The performance of the REDD+ program, Reducing Emissions from Deforestation and Forest Degradation, has been put under the spotlight recently.
It’s celebrity is not only for its progress in reducing deforestation, but also because of the challenges the program faces in ensuring that its benefits are distributed equitably, effectively, and efficiently.
At a special session of the 2015 Global Landscapes Forum, held in Paris alongside UNFCCC COP21 climate negotiations, two REDD+ specialists currently active in the implementation and research of REDD+ in Cameroon shared their insights.
Setting the scene: Cameroon’s landscape tenure mosaic
Emmanuel Nuesiri, a Professor at the University of Illinois, explained that, since the 19th century, Cameroon has had a tumultuous history of land ownership, which persists to this day.
Now, especially in the fertile, resource-rich area around Mount Cameroon, the land is under a complex mosaic of different tenure rights and arrangements. This makes it increasingly difficult for initiatives to successfully form a suitable mechanism that identifies who should be entitled to benefit from REDD+ projects, and how benefits should be allocated.

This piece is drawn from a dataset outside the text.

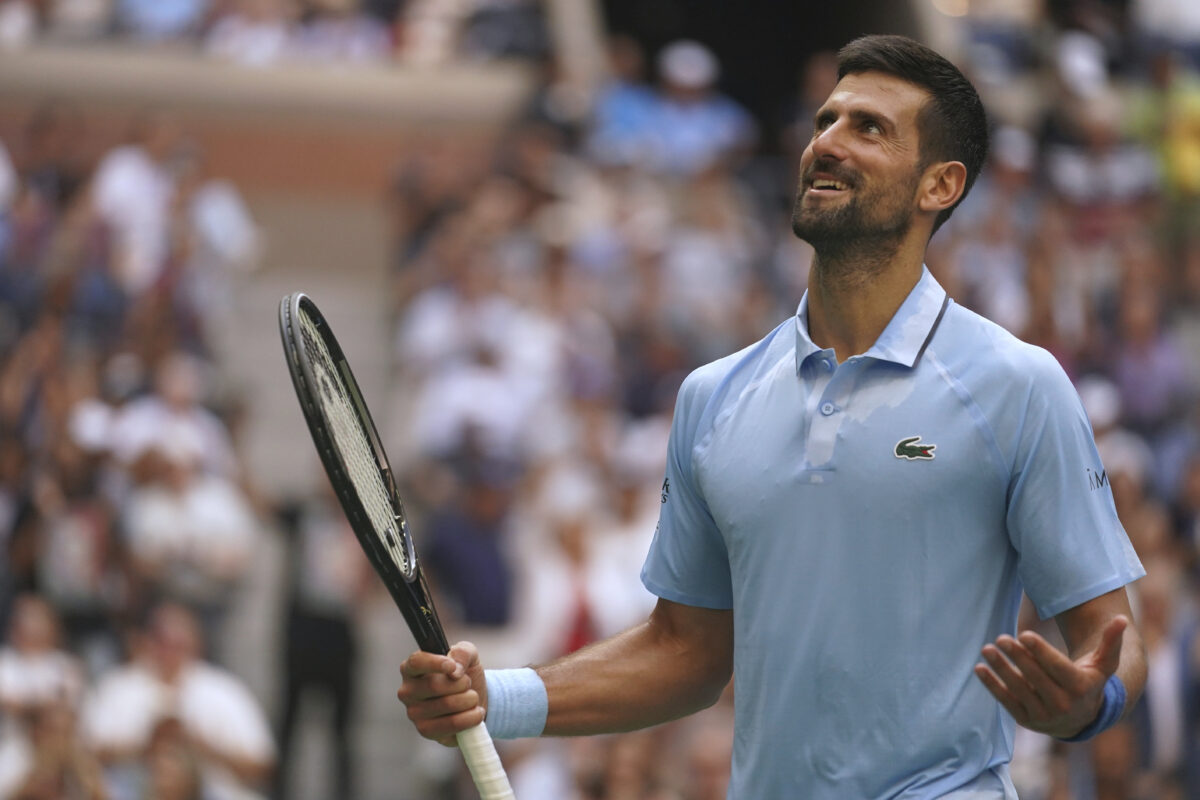 Djokovic lascia la Serbia e si trasferisce in Grecia Djokovic lascia la Serbia e si trasferisce in Grecia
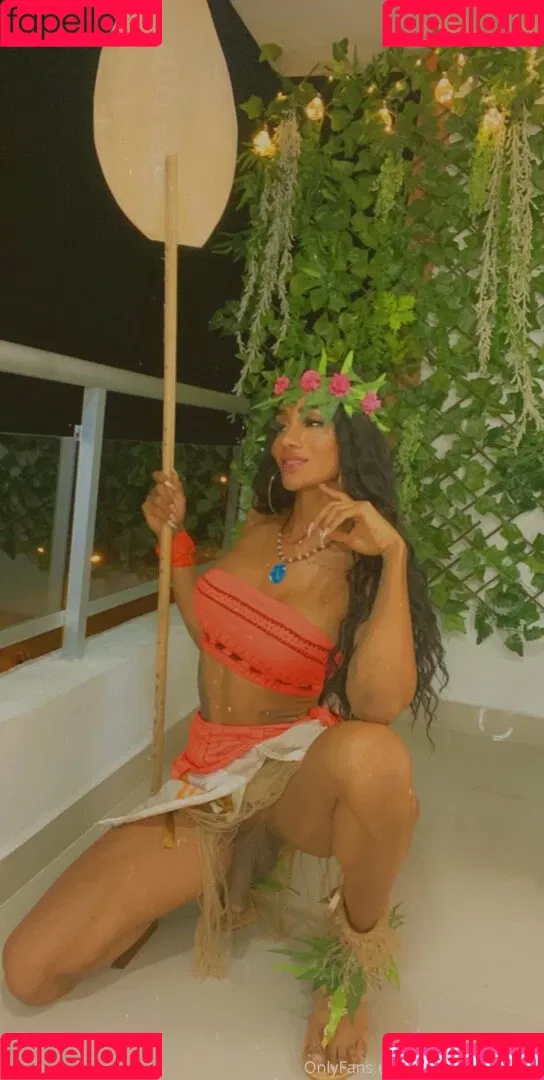 Laura Saenz Onlyfans Photo Gallery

The enabling conditions: Land tenure rights or land tenure arrangements?
In REDD+ talks, land rights and tenure have been hotly debated: establishing a consistent framework is a crucial hurdle for ensuring a successful distribution of benefits.
However, Peter Akong Minang, Global Coordinator at the Partnership for the Tropical Forest Margins (ASB) and the World Agroforestry Centre, does not currently see a critical turning point for the implementation of REDD+ projects. The process of establishing land tenure rights in countries like Cameroon is wrought with difficulties, he says. So rather than solely focusing on giving individual stakeholders their rights, Minang argues, one should ascertain that sustainable land tenure arrangements are in place so that the people who are directly involved in managing forests do receive the carbon benefits.
“We need to move the debate from formal tenure rights, to tenure arrangements – land, tree, carbon, product rights,” said Minang. “If we only wait to get complete formal ownership to land, we may never start action on REDD+ in many places. We need to find the right tenure arrangements configuration to enable a start, and then sort out the other suite of rights progressively.”
According to Minang, land tenure is not just a means for successful REDD+ outcomes to work, but also an end in itself.
REDD+ benefit distribution mechanism: How should it be designed?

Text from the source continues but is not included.